Generating faithful and readable styled text images (especially for Styled Handwritten Text generation - HTG) is an open problem with several possible applications across graphic design, document understanding, and image editing. A lot of research effort in this task is dedicated to developing strategies that reproduce the stylistic characteristics of a given writer, with promising results in terms of style fidelity and generalization achieved by the recently proposed Autoregressive Transformer paradigm for HTG. However, this method requires additional inputs, lacks a proper stop mechanism, and might end up in repetition loops, generating visual artifacts. In this work, we rethink the autoregressive formulation by framing HTG as a multimodal prompt-conditioned generation task, and tackle the content controllability issues by introducing special textual input tokens for better alignment with the visual ones. Moreover, we devise a Classifier-Free-Guidance-based strategy for our autoregressive model. Through extensive experimental validation, we demonstrate that our approach, dubbed Eruku, compared to previous solutions requires fewer inputs, generalizes better to unseen styles, and follows more faithfully the textual prompt, improving content adherence.

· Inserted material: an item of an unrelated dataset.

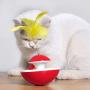 ocijf179 Cat Toy Cats Kitten Tumbler Rolling Feather Bell Ball Toy Play Interactive Pet Supplies - Red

翻译：生成忠实且可读的风格化文本图像（尤其是风格化手写文本生成——HTG）是一个开放性问题，在平面设计、文档理解和图像编辑等多个领域具有潜在应用价值。该任务的大量研究工作致力于开发能够复现特定书写者风格特征的策略，近期提出的基于自回归Transformer范式的HTG方法在风格保真度和泛化能力方面取得了显著成果。然而，该方法需要额外输入，缺乏有效的停止机制，且可能陷入重复循环并产生视觉伪影。本研究通过将HTG重构为多模态提示条件生成任务，重新思考自回归建模框架，并通过引入特殊文本输入标记以增强与视觉标记的对齐性，从而解决内容可控性问题。此外，我们为自回归模型设计了基于无分类器引导的策略。通过大量实验验证，我们证明所提出的Eruku方法相较于现有方案需要更少的输入，对未见风格具有更好的泛化能力，并能更准确地遵循文本提示，显著提升了内容一致性。